**GIVEN ENTRIES**:
--- START ---

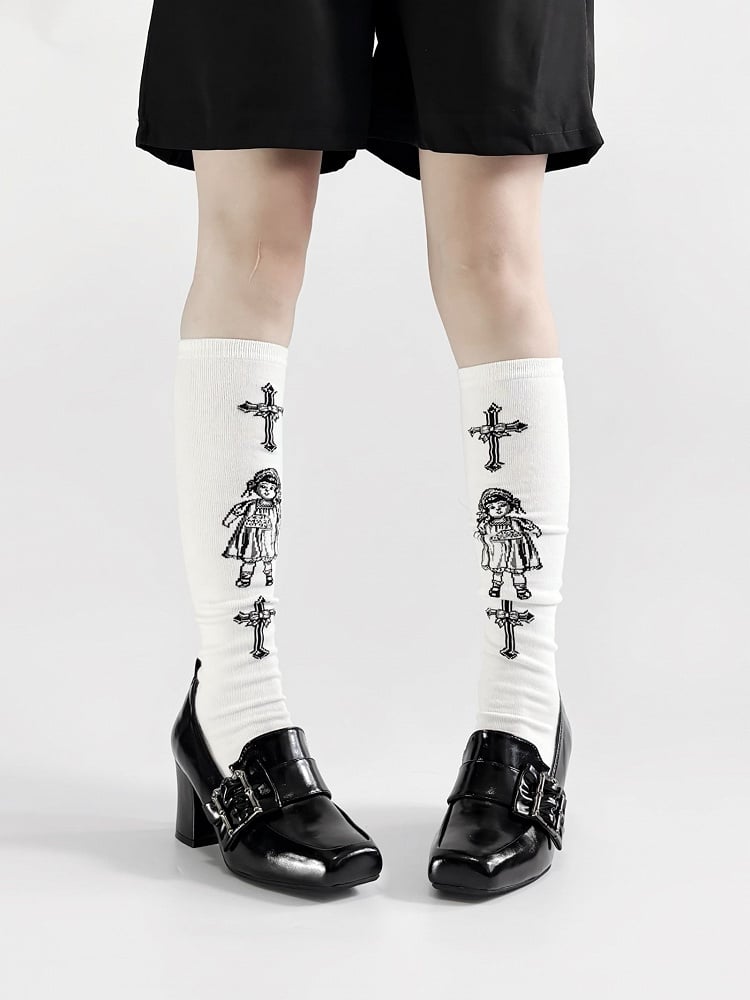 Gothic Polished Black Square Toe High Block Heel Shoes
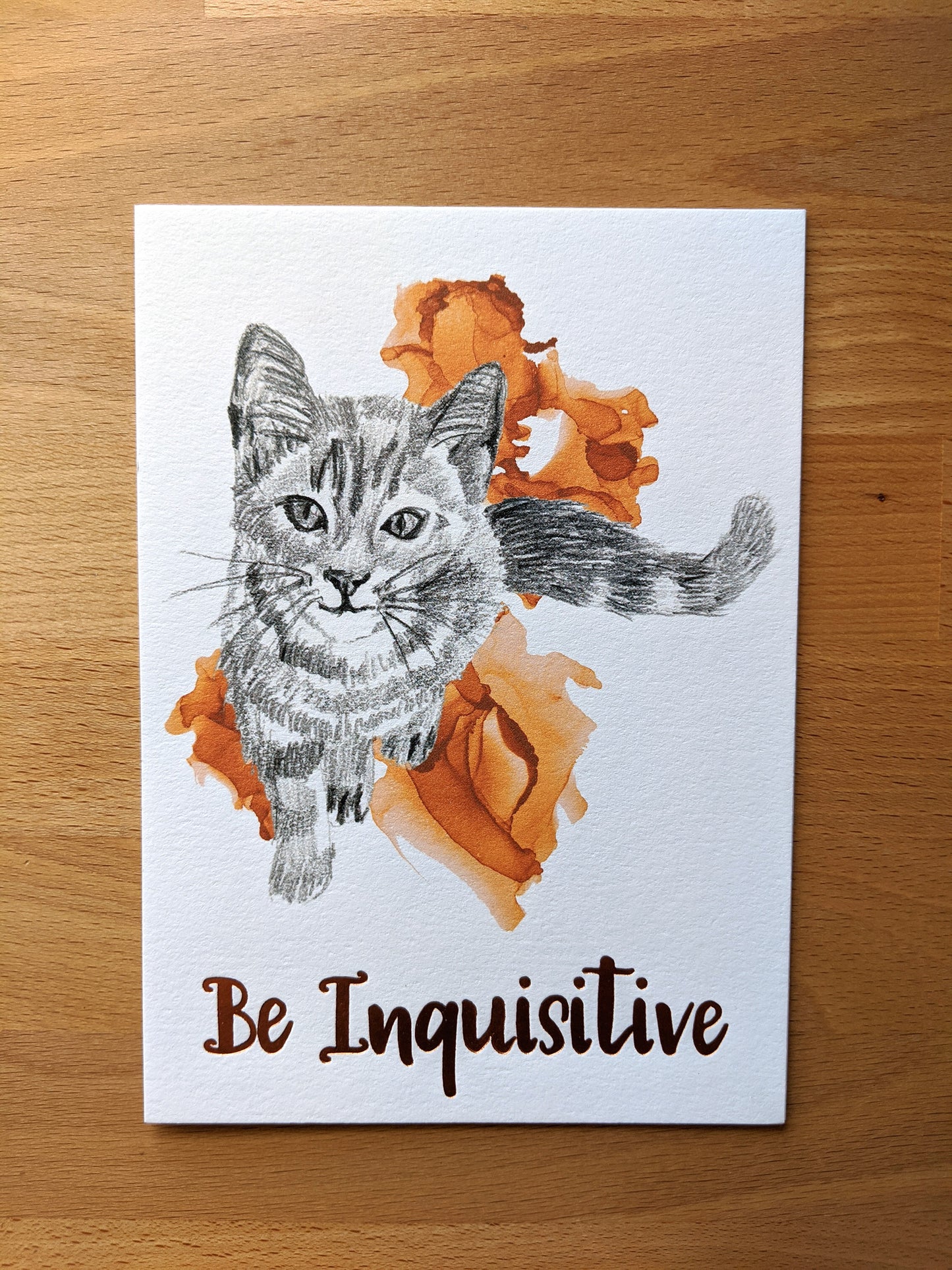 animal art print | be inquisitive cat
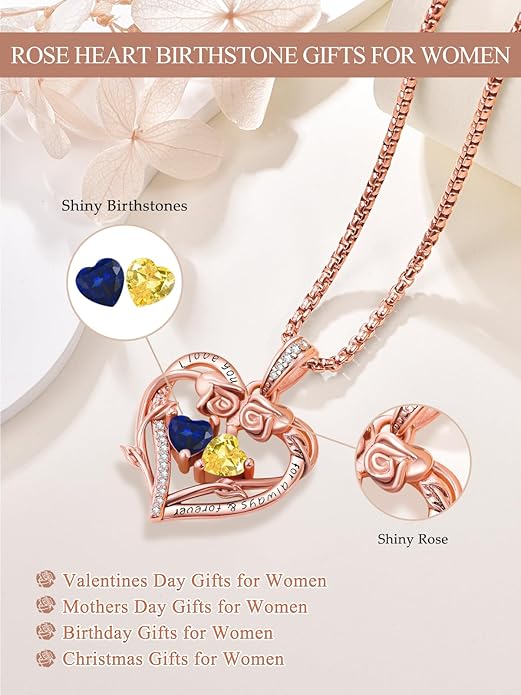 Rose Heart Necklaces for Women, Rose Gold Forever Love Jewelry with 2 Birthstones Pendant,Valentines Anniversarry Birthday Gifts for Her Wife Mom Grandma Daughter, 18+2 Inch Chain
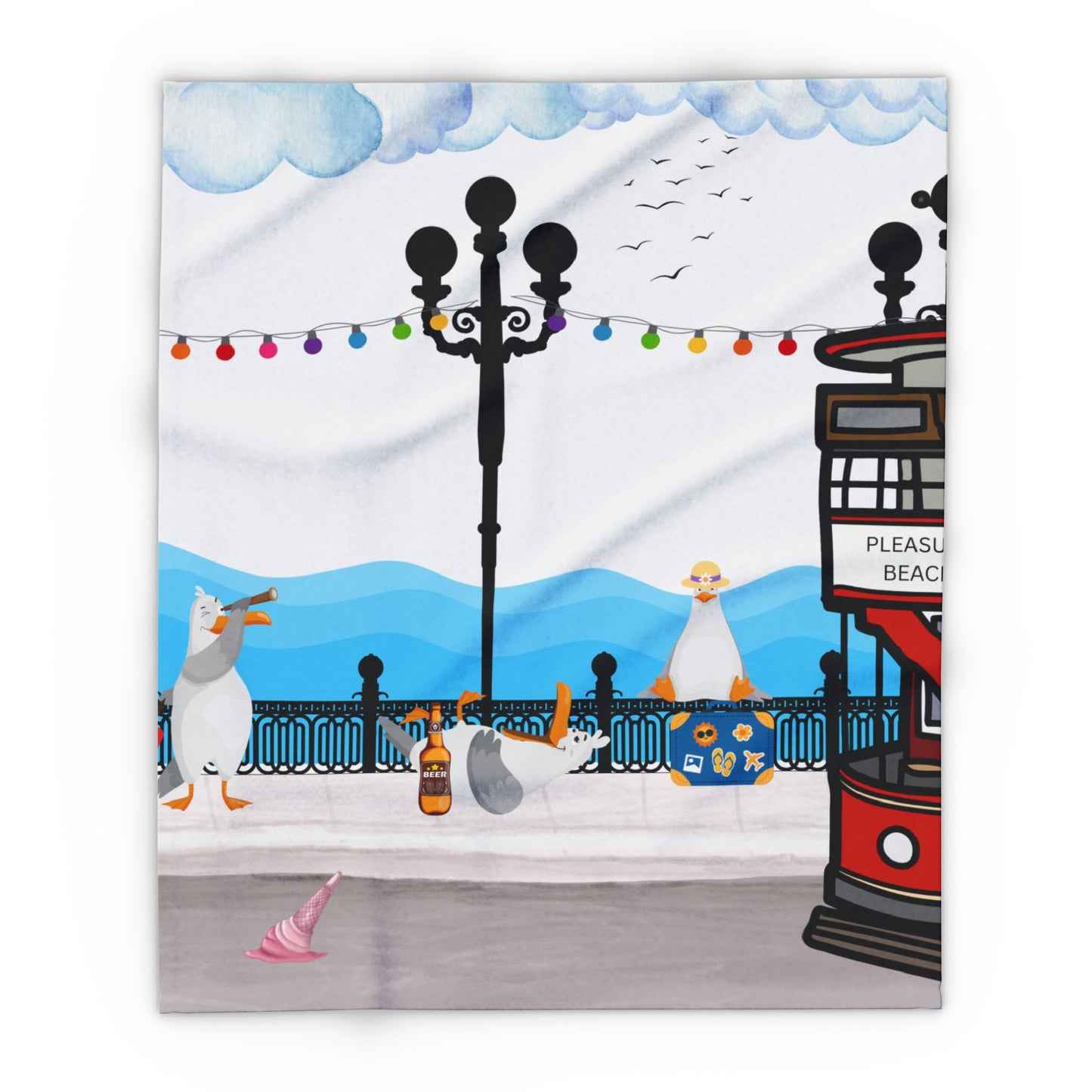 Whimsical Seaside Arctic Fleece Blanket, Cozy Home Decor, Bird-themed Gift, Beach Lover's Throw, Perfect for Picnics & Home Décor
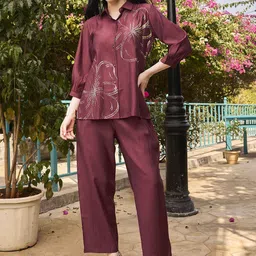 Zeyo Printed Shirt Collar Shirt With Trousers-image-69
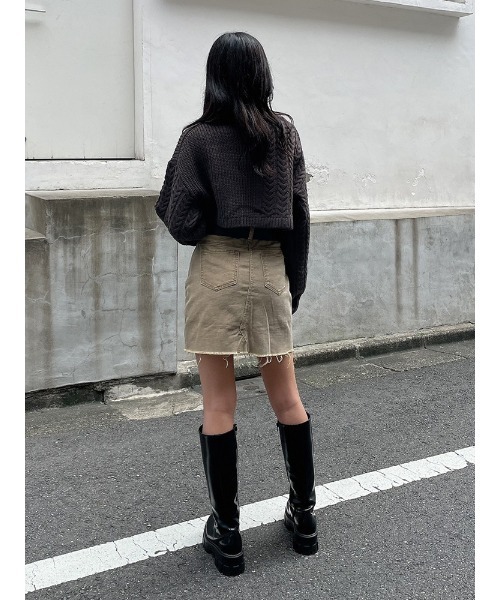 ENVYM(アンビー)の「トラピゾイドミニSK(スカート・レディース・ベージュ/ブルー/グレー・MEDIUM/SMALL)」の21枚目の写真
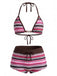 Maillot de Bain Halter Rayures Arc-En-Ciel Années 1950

--- END ---
--- START ---

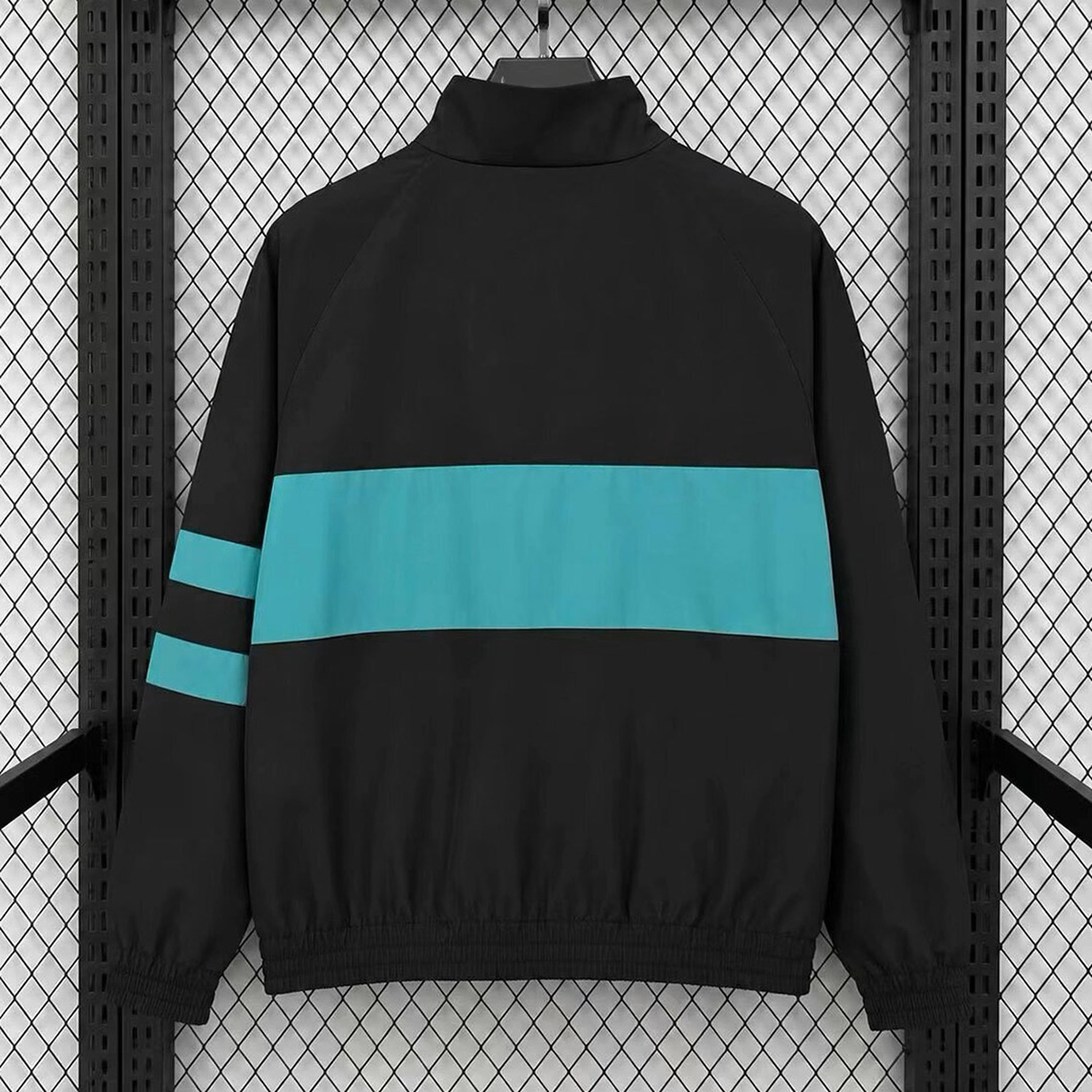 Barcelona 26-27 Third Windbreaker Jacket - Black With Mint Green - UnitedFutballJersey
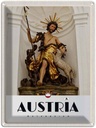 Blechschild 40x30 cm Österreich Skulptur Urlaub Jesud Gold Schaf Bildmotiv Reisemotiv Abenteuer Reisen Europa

--- END ---

**TASK PROMPT**: Using the data above, output the line that has "Gothic Polished Black", the line that has "Maillot de Bain", and whatever lines fall between, each exactly as it stands and without pictures.

**ANSWER**:
 Gothic Polished Black Square Toe High Block Heel Shoes
 animal art print | be inquisitive cat
 Rose Heart Necklaces for Women, Rose Gold Forever Love Jewelry with 2 Birthstones Pendant,Valentines Anniversarry Birthday Gifts for Her Wife Mom Grandma Daughter, 18+2 Inch Chain
 Whimsical Seaside Arctic Fleece Blanket, Cozy Home Decor, Bird-themed Gift, Beach Lover's Throw, Perfect for Picnics & Home Décor
 Zeyo Printed Shirt Collar Shirt With Trousers-image-69
 ENVYM(アンビー)の「トラピゾイドミニSK(スカート・レディース・ベージュ/ブルー/グレー・MEDIUM/SMALL)」の21枚目の写真
 Maillot de Bain Halter Rayures Arc-En-Ciel Années 1950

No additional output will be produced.